Abgesehen von jeder Art Imbiss – von Sushi bis Falafel, China-Nudeln und Empanadas – findet man in diesem Gebiet auch jede Menge traditionelle Esslokale. Dorthin gehen die örtlichen Landebesitzer und Büroangestellten für einen schnellen Mittagstisch, also können Sie davon ausgehen, dass das Essen dort stets gut ist.
Zweiter Tag
Nachmittag
Das einstige Oberschicht- und heutige Arbeiterviertel Kypseli ist eine faszinierende Mischung aus dem Athen früherer Tage, Immigranten und Nachwuchskünstlern. Diese neuerdings wieder schwer angesagte Gegend ist voller herrlicher Vorkriegsbauten und alternativer Kunstgalerien. Tauchen Sie im der Galerie Blank Wall und der Galerie Hot Wheels in die örtliche Kunstszene ein oder gehen Sie die Fußgängerzone Fokionos Negri zur Städtischen Markthalle von Kypseli, wo sie Start-Up-Läden sozialer Unternehmer finden werden. Dieses denkmalgeschützte Gebäude aus der Zwischenkriegszeit beherbergte bis in die frühen Nullerjahre den Lebensmittelmarkt der Gegend und trug dazu bei, den Athener Zentralmarkt in der Athinas-Straße zu entlasten. In jüngster Zeit (und nach einer Reihe von Renovierungen, von denen die letzte im Jahr 2023 von der Stadt Athen durchgeführt wurde) ist es das pulsierende Herz des Viertels. Die Markthalle ist die Heimat einer wunderbaren Reihe kleiner Unternehmen, die eine nachhaltige Denkweise verfolgen und traditionelles griechisches Handwerk mit sozialem Bewusstsein verbinden. Von Keramik und Weberei bis hin zu Illustration und Honigherstellung.
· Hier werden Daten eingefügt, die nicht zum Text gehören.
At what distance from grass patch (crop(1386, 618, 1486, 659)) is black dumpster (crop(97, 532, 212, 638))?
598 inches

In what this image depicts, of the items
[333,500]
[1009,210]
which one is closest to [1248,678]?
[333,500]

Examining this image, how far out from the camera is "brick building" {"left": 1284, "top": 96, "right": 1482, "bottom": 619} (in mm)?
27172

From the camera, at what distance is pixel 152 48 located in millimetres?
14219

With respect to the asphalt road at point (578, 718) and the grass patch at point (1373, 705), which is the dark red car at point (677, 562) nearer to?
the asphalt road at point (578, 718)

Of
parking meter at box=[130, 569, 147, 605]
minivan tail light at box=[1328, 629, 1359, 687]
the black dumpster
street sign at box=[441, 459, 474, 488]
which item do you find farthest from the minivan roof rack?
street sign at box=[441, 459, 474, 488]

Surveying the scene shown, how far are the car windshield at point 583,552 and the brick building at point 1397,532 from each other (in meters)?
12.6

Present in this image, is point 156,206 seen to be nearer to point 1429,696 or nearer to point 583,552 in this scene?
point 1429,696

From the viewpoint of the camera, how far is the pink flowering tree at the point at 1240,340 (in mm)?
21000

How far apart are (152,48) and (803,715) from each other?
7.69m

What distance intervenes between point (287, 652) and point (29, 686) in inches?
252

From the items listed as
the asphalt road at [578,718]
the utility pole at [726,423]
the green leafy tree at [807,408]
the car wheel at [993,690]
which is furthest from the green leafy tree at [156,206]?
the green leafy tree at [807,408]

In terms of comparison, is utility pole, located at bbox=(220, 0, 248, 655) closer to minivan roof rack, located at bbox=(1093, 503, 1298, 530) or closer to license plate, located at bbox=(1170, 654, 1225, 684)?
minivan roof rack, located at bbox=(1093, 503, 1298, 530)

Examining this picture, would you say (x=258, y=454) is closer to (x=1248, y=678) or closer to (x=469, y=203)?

Außerdem gibt es zwei Räume für Pop-up-Shops, die regelmäßig wechseln. Mit einem reichhaltigen monatlichen Veranstaltungsprogramm wie Workshops, Basaren und Lebensmittelmärkten sowie einer kompakten Dauerausstellung über die Geschichte der Region ist die Markthalle zu jeder Stunde und an jedem Tag voller Leben.
Zweiter Tag
Abend
Legen Sie einen Stopp für einen Aperitif im Au Revoir ein, der ältesten Bar von Athen, einer winzigen Fünfzigerjahre-Zeitkapsel, die von einem bekannten griechischen Architekten jener Zeit, Aristomenis Provelengios, gestaltet wurde. Ihr Dry Martini ist legendär. Oder hängen Sie mit den Hipstern, Afro-Athenern und Kids, die mit ihren Rädern herumflitzen, am Agios-Georgios-Platz ab, dem Brennpunkt der Regeneration von Kypseli. Nach ein paar Drinks in einem der Cafés oder einer Bar am Platz (das It’s a Village ist die heißeste Adresse), werden Sie dankbar eines der Hausmachergerichte im Nostimies tis Mairis genießen, einer nächtlichen Institution dieses Viertels, wo Schauspieler aus den nahen Theatern nach der Vorstellung wieder Kraft tanken und auf den Boden kommen.